The minister added: “I know one industrial establishment, which employed 100 workers on payroll and there were double the number of unorganised labourers. They were not getting any benefits, social security, health facilities due to restrictions in law. Now all 300 will get benefits due to the changes in the law.”
Gangwar said the objective was to regularise unorganised contract labourers and bring them into the formal chain as they are often exploited by contractors.
“New codes have introduced fixed-term employment (of contract workers) under which they will get proper pay, social security benefits, they will have fixed working hours like regular employees,” he added.
Strike rules ‘streamlined’
Asked about the allegation that the government has diluted the workers’ right to hold strikes, Gangwar said: “We have not taken away the right to strike, but it has been streamlined for better productivity.”
“The only motive is to end unplanned strikes or halt in production in industries and create an atmosphere of amicable settlement of dispute. This is injustice that one day you stand up and announce a hartal (strike) seen in films. This is only to avoid such a situation.
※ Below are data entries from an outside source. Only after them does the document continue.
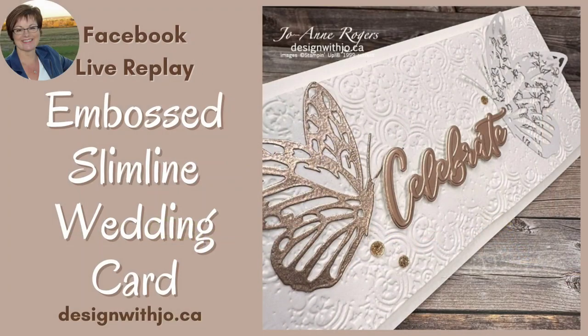Today we are going to be making a really pretty double embossed slimline card. Hello everybody, I'm Joanne Rogers. I'm a Stampin' Up! demonstrator in central Alberta, Canada, and I've been designing with you in mind since 1999.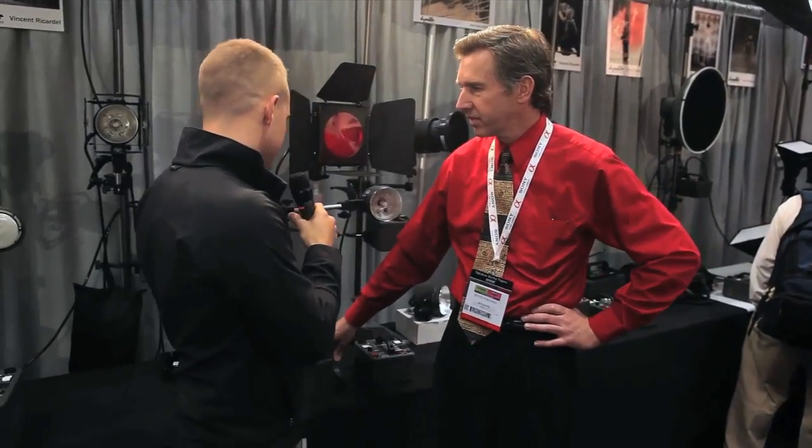Hey, I'm David Larson here at PhotoPlus 2011 with Peter, the president of DynaLight. Hey Peter, how are you? I'm great, thanks. So what do we have here behind us — is this your new line-up?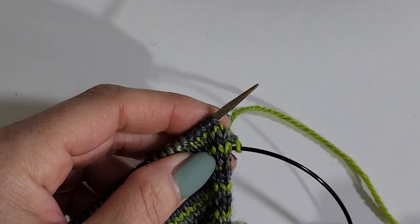I'm making a pair of two-at-a-time toe-up socks, and that means I have to do a bunch of increases to get the toe shape. I'm realizing how fiddly a make one left and a make one right can be, especially when you're using teeny tiny needles and teeny tiny yarn. I found a few little tricks to help get through those stitches, so I'm going to show those to you now.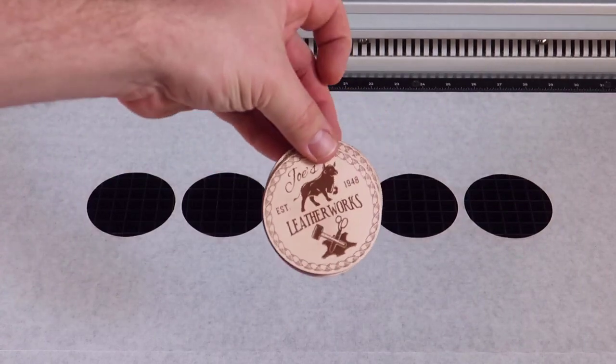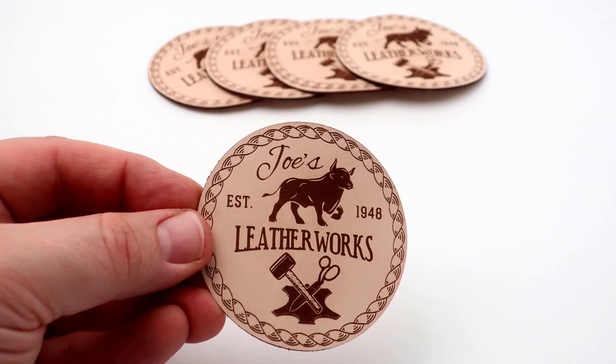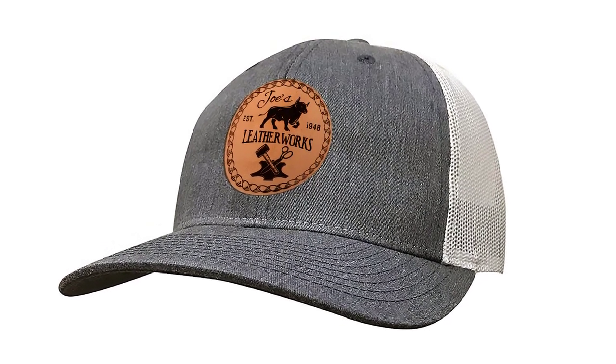This process will work for any thin, flexible pre-cut material such as thin films, paper, veneers, thin plastics, woods, fabrics, in addition to the leather we just demonstrated.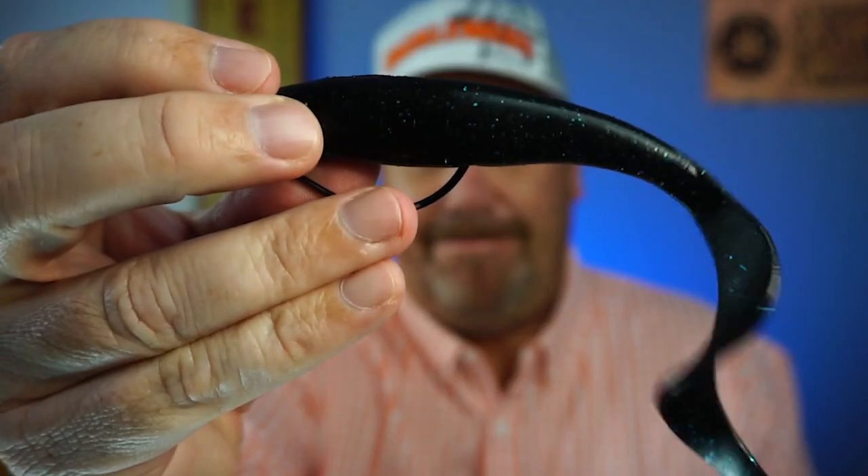It stretches for days. Watch this. It's pretty cool.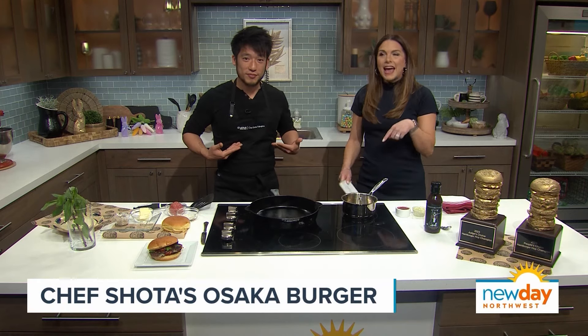Chef Shota Nakajima is in our kitchen this morning. You all know him from competing in Top Chef or at his Seattle restaurant Taku, but today he's got a brand new partnership with Lexus he's gonna tell us all about, and a delicious burger recipe to go along with it. Chef Shota, welcome back to New Day.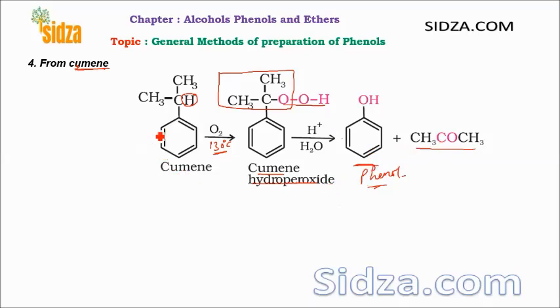Cumene is also called isopropyl benzene — an isopropyl group attached to benzene. Normally this isopropyl benzene is obtained when we do alkylation of the benzene ring, reacting benzene with CH3-CH=CH2. That reaction is explained in aromatic compounds under electrophilic aromatic substitution reactions. So from cumene, first we do oxidation to get the peroxide, and then the peroxide upon treatment with H2SO4 gives phenol and acetone. Hope you got the concept. Thanks for watching the video.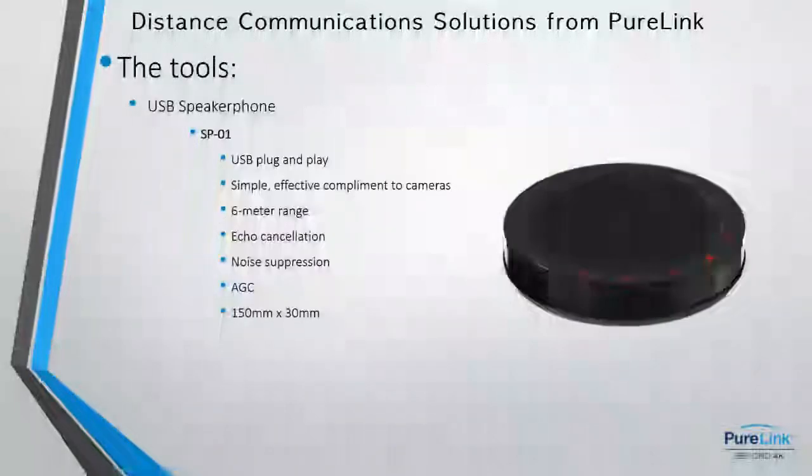The USB speakerphone is 150 millimeters in diameter with a big speaker. The sound is really good and the microphone pickup is great. It has automatic gain control, echo cancellation, noise suppression, and a capacitive interface on top to adjust volume, mute the microphone, or mute the speaker.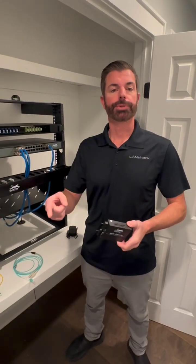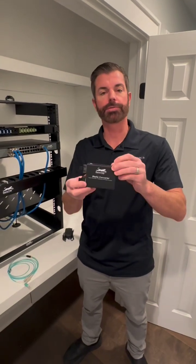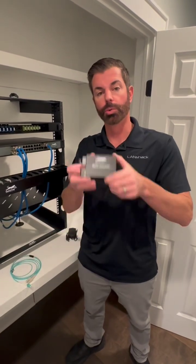Do you need to convert multi-mode cable to single-mode cable, or single-mode to multi-mode? We have the perfect solution. This media converter is designed to convert multi-mode to single-mode or single-mode to multi-mode. You can do it with this one device.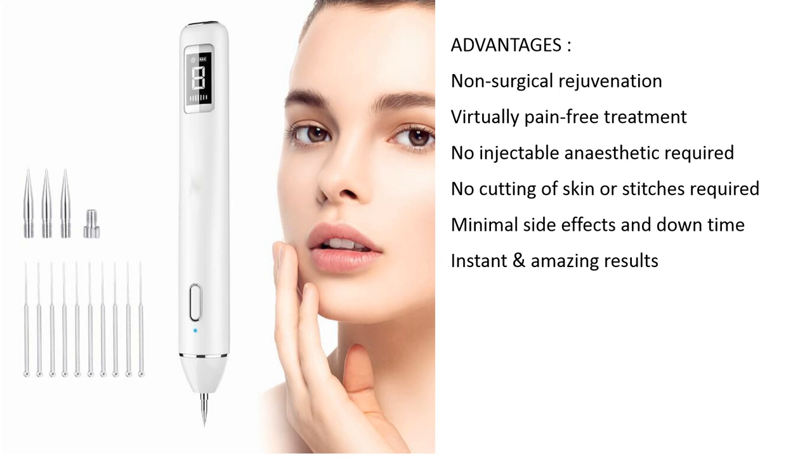This is one talk: low invasive surgical regeneration, virtually pain-free treatment, low in general anesthetic required, no cutting of skin or stitches required, minimal side effects and downtime. It's an amazing result.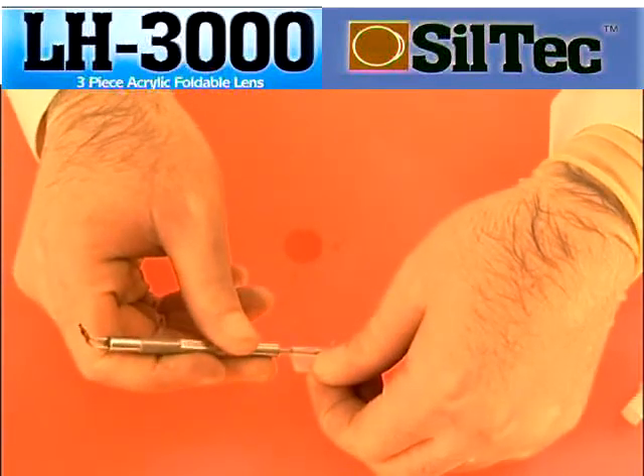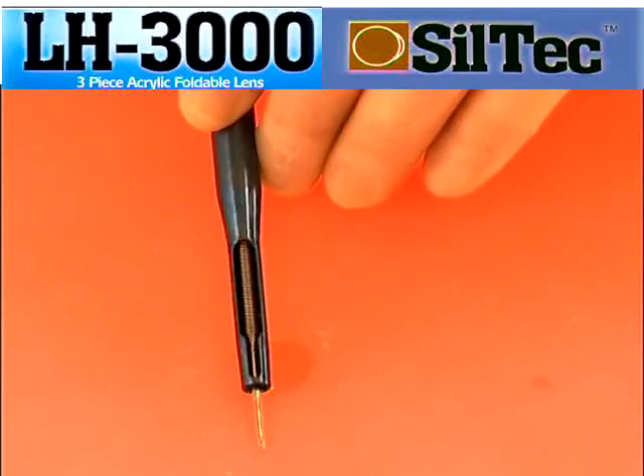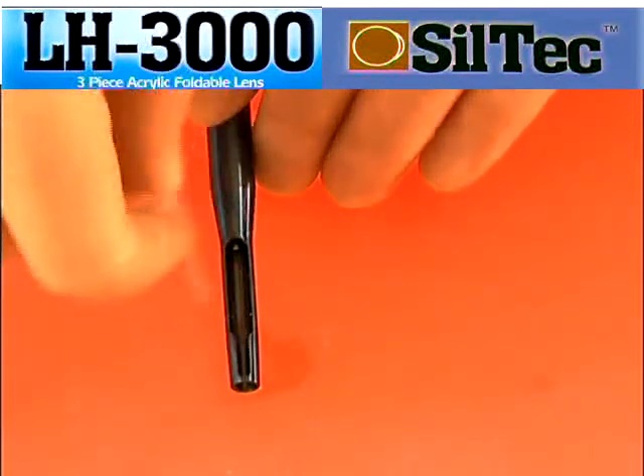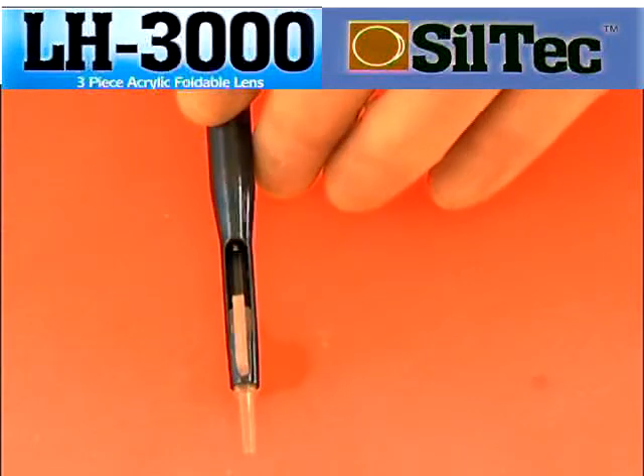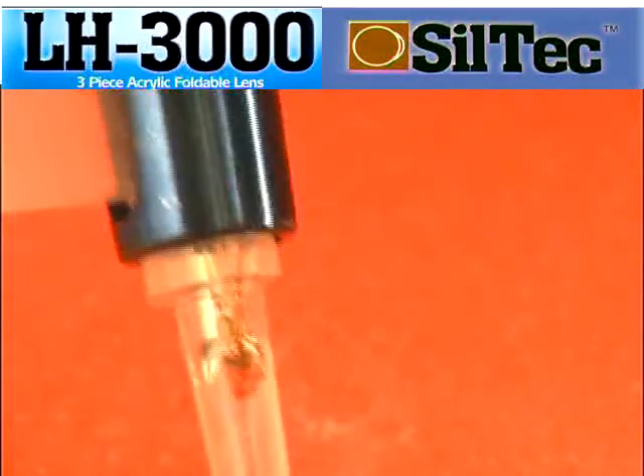Using the tip of the loading fork, push the lens into the barrel ensuring that the tip is pushing on the optic and not the haptic. With the plunger fully retracted, place the cartridge in the injector and push the plunger into the back of the cartridge until it just comes into sight in the barrel.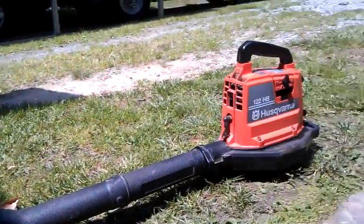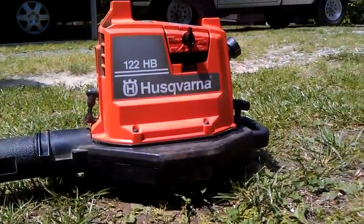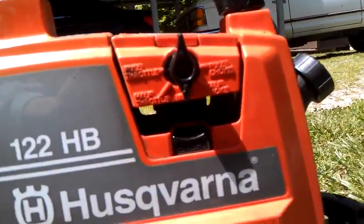Alright, we're going to start up this leaf blower. It's a Husqvarna 122HB. Turn the throttle a little bit. Can you read that? Probably not.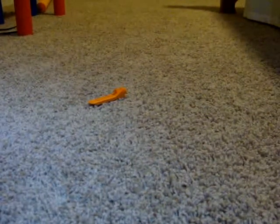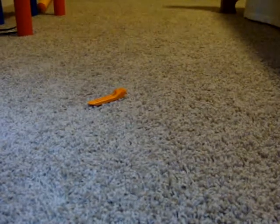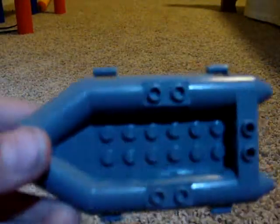Okay, so first you're going to start off with this little river craft thingy, and you're going to put a steering wheel on it.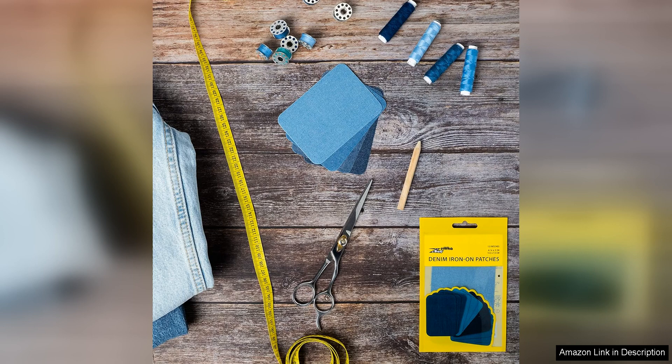In conclusion, I highly recommend the Zefka Denim Iron-On Patches Repair Kit to anyone in need of a reliable and easy-to-use solution for repairing denim clothing. With its quality materials and strong adhesive properties, this kit is sure to become a staple in your sewing or crafting arsenal.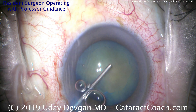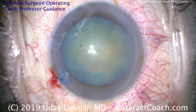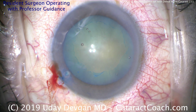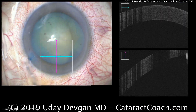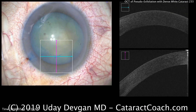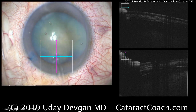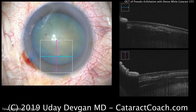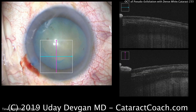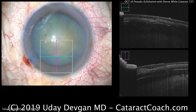We had a hard time seeing the pseudo-exfoliation material, but once we put in the Trypan Blue dye and fill the eye with viscoelastic, it becomes a lot more obvious. We can see that material on the OCT scanner — there's the cornea, the iris, and the lens capsule, and you can see deposits of pseudo-exfoliation material on the lens capsule, which is of course very, very thin.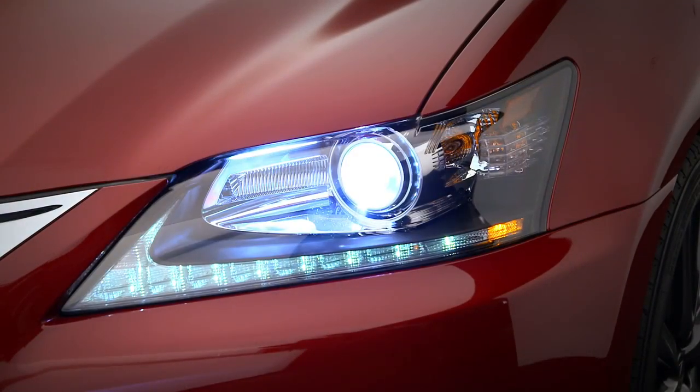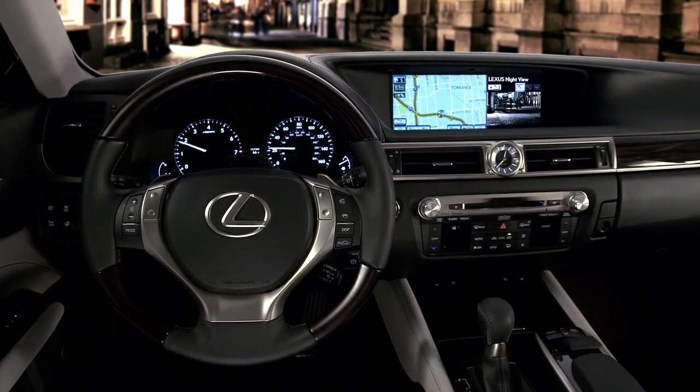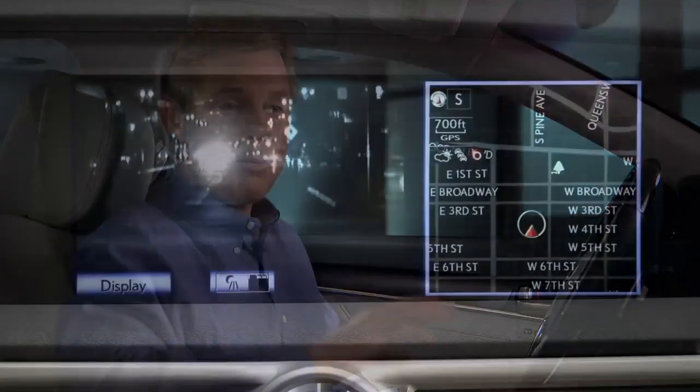Night View is only active when the headlamps are on, the surrounding area is dark, and the vehicle is moving more than 10 miles per hour. When Night View is active, the image appears in the multimedia display.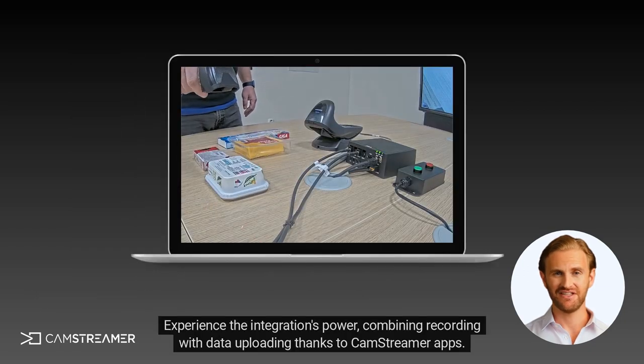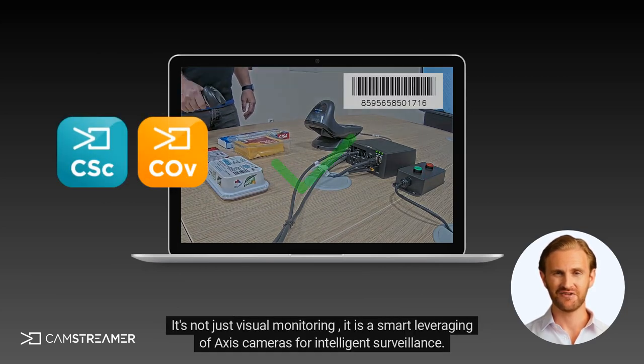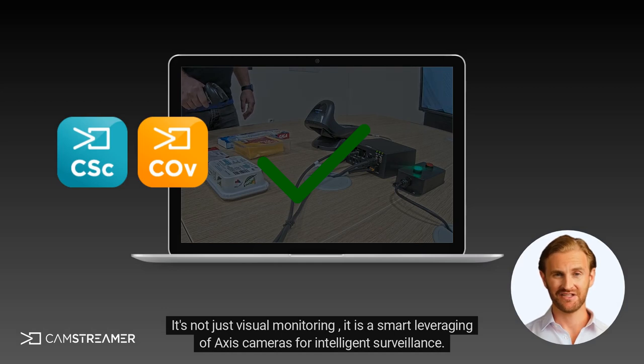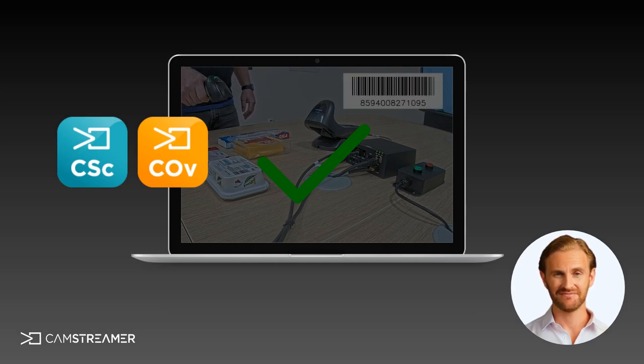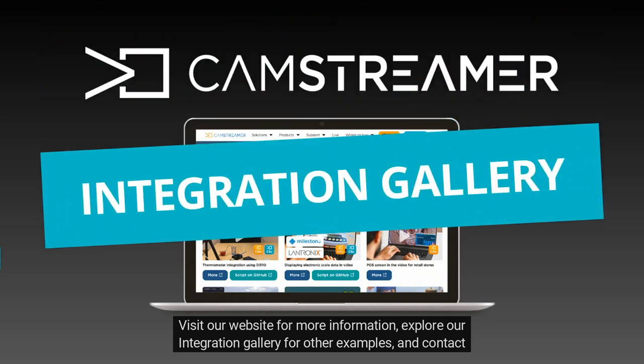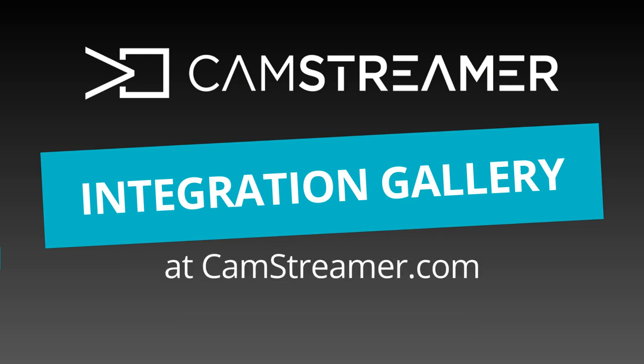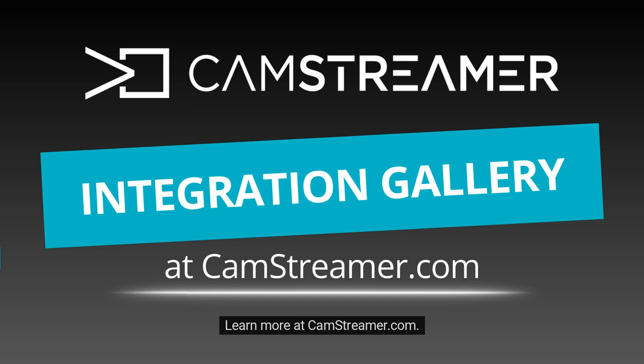Experience the integration's power, combining recording with data uploading thanks to CamStreamer apps. It's not just visual monitoring — it is a smart leveraging of Axis cameras for intelligent surveillance. Visit our website for more information, explore our integration gallery for other examples and files, and contact us to integrate this solution into your surveillance system. Learn more at CamStreamer.com.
Now, you will have to give a 14-day notice for strike but they can resolve their dispute before that also,” he added.
“There is also a provision incorporated to ensure that trade unions can directly approach tribunals to resolve their dispute and trade unions have been given recognition both at the state level and Centre,” the minister said.
Migrant labour definition expanded
The government has expanded the definition of ‘inter-state migrant worker’ in the labour codes to ensure that no one gets left out of the social security net.
For the first time, income criteria will be included to define a migrant worker. The new labour codes will now include all workers whose monthly family income is less than Rs 18,000, and who migrate to another state and get directly employed or self-employed.
“From Independence, we have a lack of data about migrant labourers. Covid has given us an opportunity where every state is maintaining data of migrant labourers. I have asked every state government to register their database and also gather data from other agencies like railways, transport (department) to get their exact number so that the benefit of government schemes can reach them,” Gangwar said.
Gangwar’s response to a question in the Parliament last month that the government has no record of deaths of migrant workers during the pandemic has caused a huge uproar.
The ministry just said over one crore migrant workers returned home during the pandemic, based on the Railway figures.
“The ministry is now optimistic that the new labour codes will identify migrant workers more scientifically,” he added.